» **Task prompt**
I'd like the entire listing output verbatim, apart from the pictures.

» **Collected data**
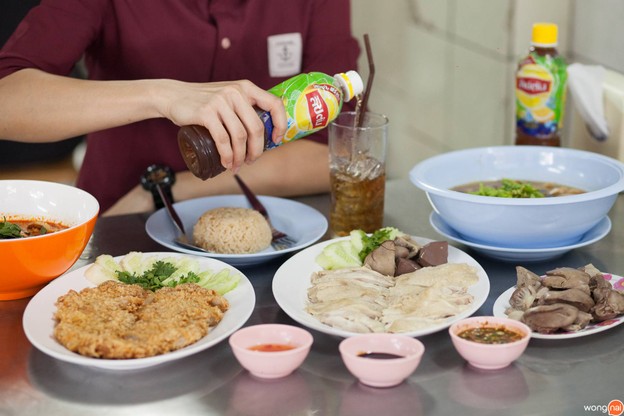 เมนูของร้าน เจริญชัย ไก่ตอน สูตรไหหลำ ประชาชื่น26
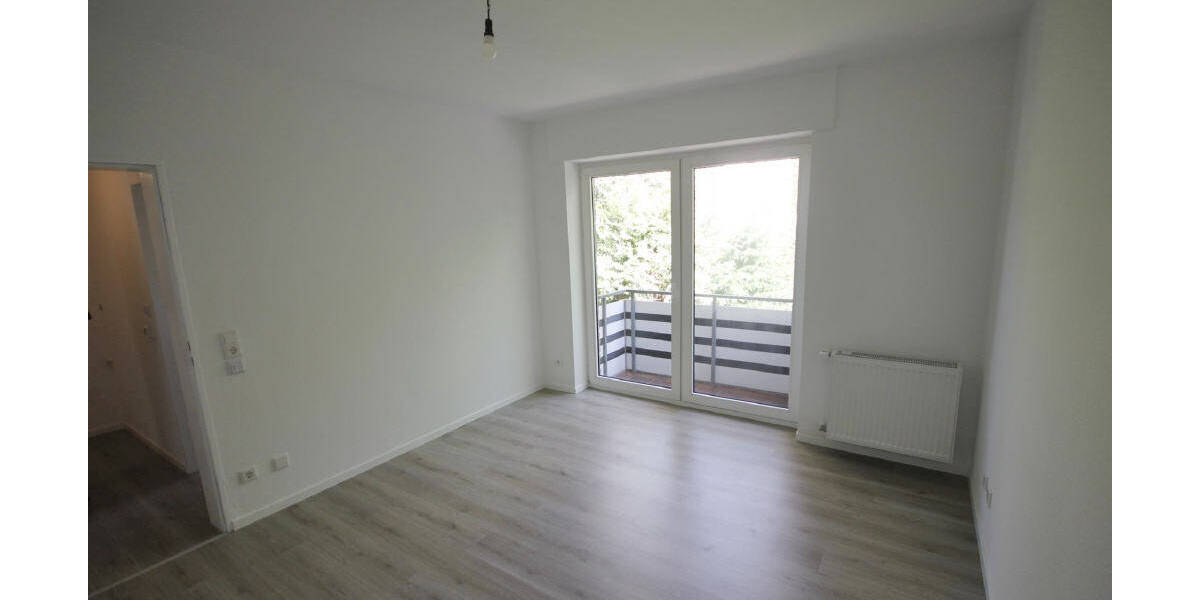 Etagenwohnung Lage - 3 Zimmer, 93 m&sup2;, 220.000&euro; | Angebot:26657743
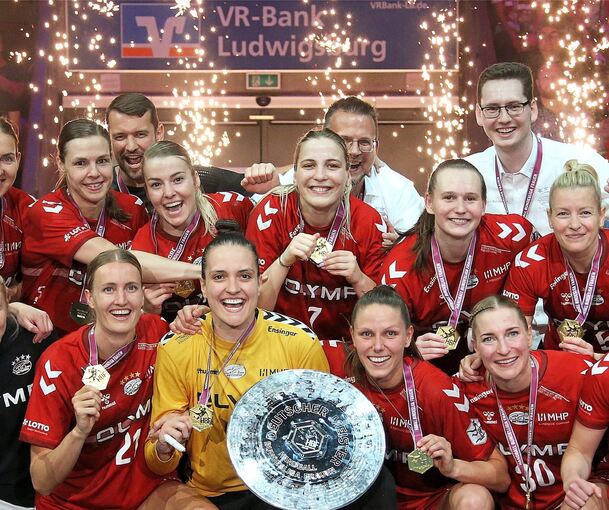 Das ist das Ding: Die Handballerinnen der SG BBM Bietigheim feiern ihre dritte Meisterschaft in Folge.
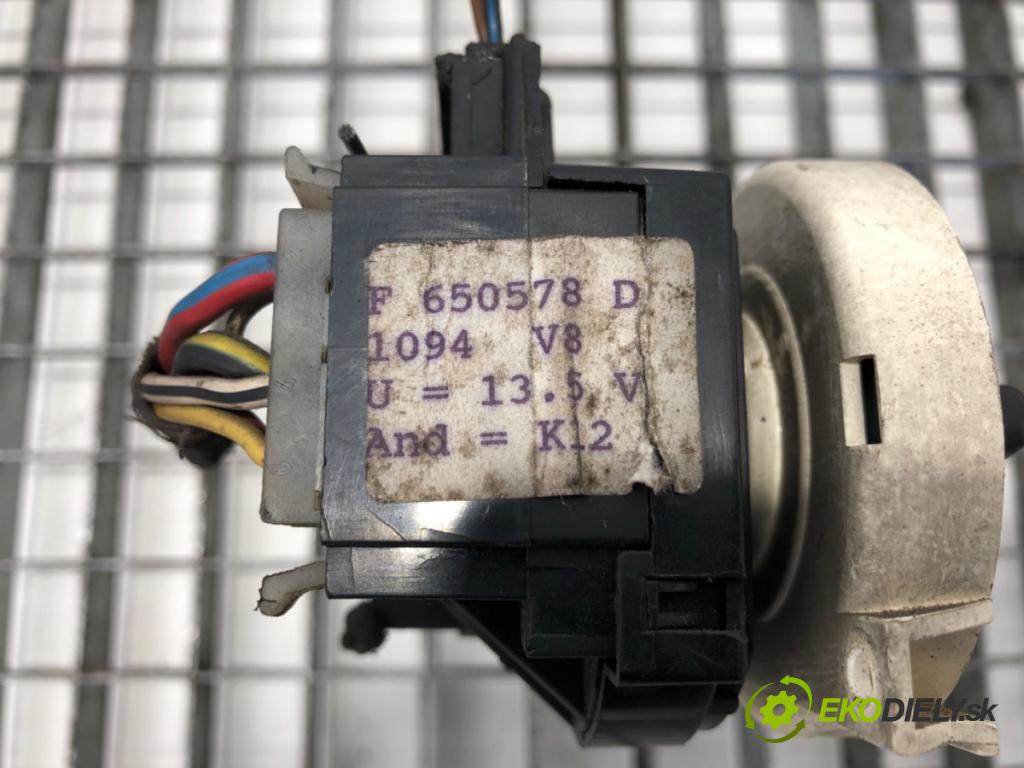 VW LT 28 35 Autobus 2001 80 kW 2.5 TDI 2461 Panel ovládania kúrenia  (Prepínacie páčky pod volantom)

» **Exercise answer**
 เมนูของร้าน เจริญชัย ไก่ตอน สูตรไหหลำ ประชาชื่น26
 Etagenwohnung Lage - 3 Zimmer, 93 m&sup2;, 220.000&euro; | Angebot:26657743
 Das ist das Ding: Die Handballerinnen der SG BBM Bietigheim feiern ihre dritte Meisterschaft in Folge.
 VW LT 28 35 Autobus 2001 80 kW 2.5 TDI 2461 Panel ovládania kúrenia  (Prepínacie páčky pod volantom)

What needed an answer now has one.